Mit ihren neuen Ministerinnen und Ministern beweist die SPD Mut. Altgediente, aber teils auch verbrauchte Kräfte wie Hubertus Heil, Nancy Faeser und Svenja Schulze sind nicht mehr dabei, dafür eine Menge neue Gesichter. Was auffällt im Personal-Tableau der Sozialdemokraten: An der Parteispitze wird mit zweierlei Maß gemessen. Lars Klingbeil bekommt nicht nur den mächtigen Posten als Bundesfinanzminister, obwohl er bislang nicht gerade als versierter Haushaltspolitiker aufgefallen war, sondern soll auch Vizekanzler werden. Seine Co-Chefin Saskia Esken geht nicht nur leer aus, sondern wird seit Wochen von den eigenen Leuten gedemütigt. Ja, die 63-Jährige hat selbst eine Menge dazu beigetragen, dass ihr Standing gelitten hat. Aber der Umgang der SPD mit Esken ist unwürdig.
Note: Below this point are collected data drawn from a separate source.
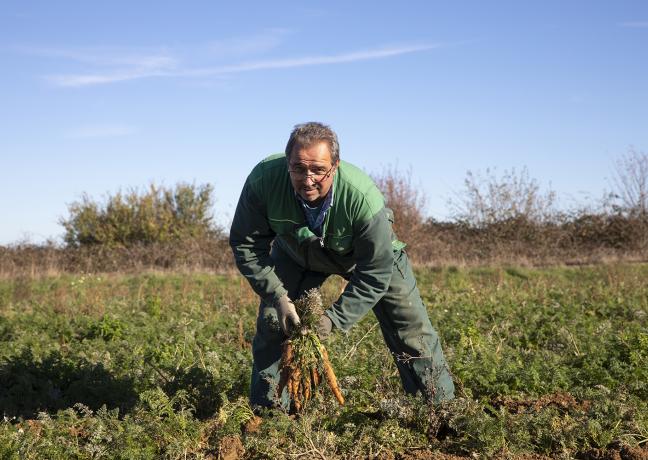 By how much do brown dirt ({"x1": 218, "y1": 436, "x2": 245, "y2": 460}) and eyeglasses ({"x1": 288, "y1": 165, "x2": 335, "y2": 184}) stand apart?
4.94 feet

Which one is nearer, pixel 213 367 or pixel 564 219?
pixel 213 367

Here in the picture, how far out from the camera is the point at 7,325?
870 cm

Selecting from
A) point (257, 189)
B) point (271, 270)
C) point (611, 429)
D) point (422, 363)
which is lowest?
point (611, 429)

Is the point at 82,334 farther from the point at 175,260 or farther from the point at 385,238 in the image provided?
the point at 175,260

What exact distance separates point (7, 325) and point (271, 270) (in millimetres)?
5339

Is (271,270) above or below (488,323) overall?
above

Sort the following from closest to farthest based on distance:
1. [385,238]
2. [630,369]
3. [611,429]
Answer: [385,238] < [611,429] < [630,369]

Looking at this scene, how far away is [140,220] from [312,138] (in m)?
20.3

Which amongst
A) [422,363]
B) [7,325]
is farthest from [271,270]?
[7,325]

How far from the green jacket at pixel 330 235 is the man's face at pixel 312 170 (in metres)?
0.13

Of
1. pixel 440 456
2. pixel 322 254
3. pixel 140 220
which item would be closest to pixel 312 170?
pixel 322 254

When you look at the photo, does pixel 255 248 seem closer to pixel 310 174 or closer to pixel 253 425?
pixel 310 174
Friedrich Merz ließ Saskia Esken links liegen
Schon in den Koalitionsverhandlungen von CDU, CSU und SPD hatte Esken wie das fünfte Rad am Wagen gewirkt. Die Männerriege um den künftigen Friedrich Merz hatte ihr nur eine Nebenrolle zugedacht, ließ sie einfach links liegen. Hinter den Kulissen hatte da längst auch intern die Demontage der Parteivorsitzenden begonnen. Sie wurde zum Sündenbock für den Absturz der SPD in den Ampel-Jahren. Sich an Olaf Scholz abzuarbeiten, lohnte sich nicht mehr, weil der Kanzler ohnehin schon im politischen Abklingbecken saß, sprich: eine Anschlussverwendung für den gescheiterten Regierungschef im neuen Kabinett als ausgeschlossen galt. Also schoss man sich auf Esken ein. Obwohl die SPD bekanntlich von einer Doppelspitze geführt wird.
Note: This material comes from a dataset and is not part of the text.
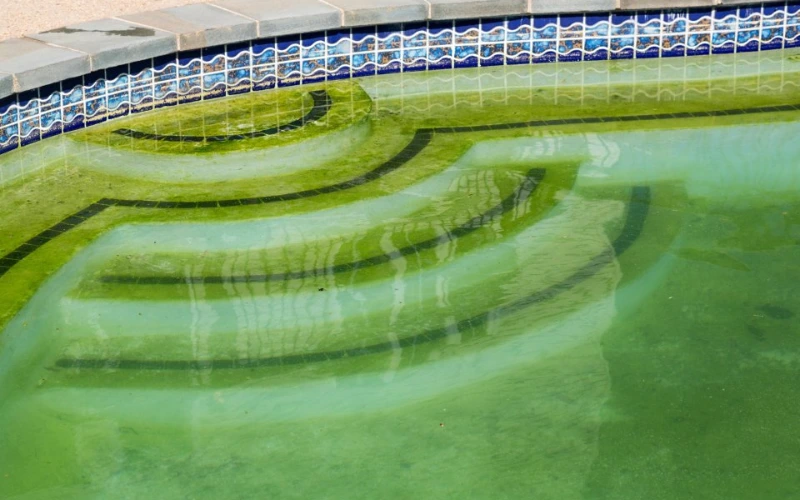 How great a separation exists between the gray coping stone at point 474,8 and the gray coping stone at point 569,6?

Wer es gut meint mit dem künftigen Vizekanzler Klingbeil, kann sagen, dass er strategisch cleverer agiert hat als Esken. Unmittelbar nach der verlorenen Bundestagswahl sicherte er sich prophylaktisch den Posten des SPD-Fraktionschefs, der durch den Rückzug von Rolf Mützenich freigeworden war. Das Signal an die eigenen Leute, aber auch an die potenziellen Koalitionspartner in der Union war klar: Ich gebe weiterhin den Ton in Partei und Fraktion an. Wer mit der SPD regieren will, kommt an mir nicht vorbei! Wer es nicht so gut meint mit Klingbeil, könnte auch sagen, da hat einer unmittelbar nach einem selbst mitverschuldeten Wahldesaster als Allererstes die Frage gestellt, was aus ihm selbst wird.

Esken ging den unbequemen Weg und landete in der Sackgasse
Saskia Esken wurde davon kalt erwischt. Das kann man nun naiv finden, oder andersherum sagen: Womöglich ging es ihr eben nicht allein um ihr eigenes Schicksal. Ob Esken als Parteichefin weitermachen kann, ist nach der öffentlichen Demontage mehr als fragwürdig. In den Koalitionsverhandlungen hatte sie sich keine Freunde gemacht. „Ich verspreche, dass ich nerve“, hatte sie als Parole ausgegeben - und dieses Versprechen eingelöst. Für Klingbeil war es umso leichter, in den Gesprächen mit Friedrich Merz und CSU-Chef Markus Söder den pragmatischen Vermittler zu geben, mit dem es sich einfacher regieren lässt. Er ging den bequemen Weg, Esken den unbequemen. Eine Regierung darf aber nicht nur aus bequemen Politikerinnen und Politikern bestehen.